In contrast, here's a stupid simple approach:
https://www.digitalmars.com/articles/C-biggest-mistake.html
where bounds-checkable arrays are declared as:
int a[..];
`a` consists of two fields, a `length` and a `pointer`. Indexing it means the compiler can (optionally) insert a bounds check it. int s[..] = "string";
s[10] = 'x'; // fatal runtime error
We can turn a pointer into a bounds checked array by "slicing" it: int *p = (int*) malloc(10);
int a[..] = p[0 .. 10];
A bounds checked array can be turned into a pointer: int *p = &a[3]; // point to 3rd element of a[..]
That's all there is to it. No pages and pages of compiler switches and extensions.Does it work? We've been doing that with D for over 20 years. Hell yeah, it works. It works fantastically well. It does not disturb any existing C code.
Also what you're proposing...would be an extension!
With the [..] proposal, it is easy enough to convert it back and forth between pointers and [..] to conform to required interfaces. One could even make the [..] implicitly convertible to a pointer.

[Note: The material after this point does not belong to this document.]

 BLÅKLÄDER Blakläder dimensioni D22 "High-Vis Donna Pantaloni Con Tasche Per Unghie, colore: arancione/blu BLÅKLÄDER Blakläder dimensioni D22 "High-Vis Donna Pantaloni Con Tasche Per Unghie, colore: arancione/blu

> We can turn a pointer into a bounds checked array by "slicing" it:
> int *p = (int*) malloc(10); > int a[..] = p[0 .. 10];
When `p` is a parameter in a function, the function cannot know that it can create a slice of up to 10 elements (I assume that the `p[0 .. 10]` creates an array indexed from 0 - 9).
What if the line was:
int a[..] = p[0..12]
Do we still get undefined behaviour?> A bounds checked array can be turned into a pointer:
> int *p = &a[3]; // point to 3rd element of a[..]
Assuming that a indexes from 0 to 9, what happens when we use p with an out of range index, for example:
int *p = &a[8];
blah = p[3];
My main concern is how to tell other functions that the array has a maximum size, and how to determine (inside a function) what the maximum length of its parameters is.That's right, when a bounds checked array is converted to a pointer, the bounds does not go with it. Presumably, the function receiving the p has some way to determine the length (such as strlen, or via another parameter) from which the correct array can be reconstructed by doing a slice.
> What if the line was: int a[..] = p[0..12] Do we still get undefined behaviour?
Yes, if the 12 extends past the end of the data p points to.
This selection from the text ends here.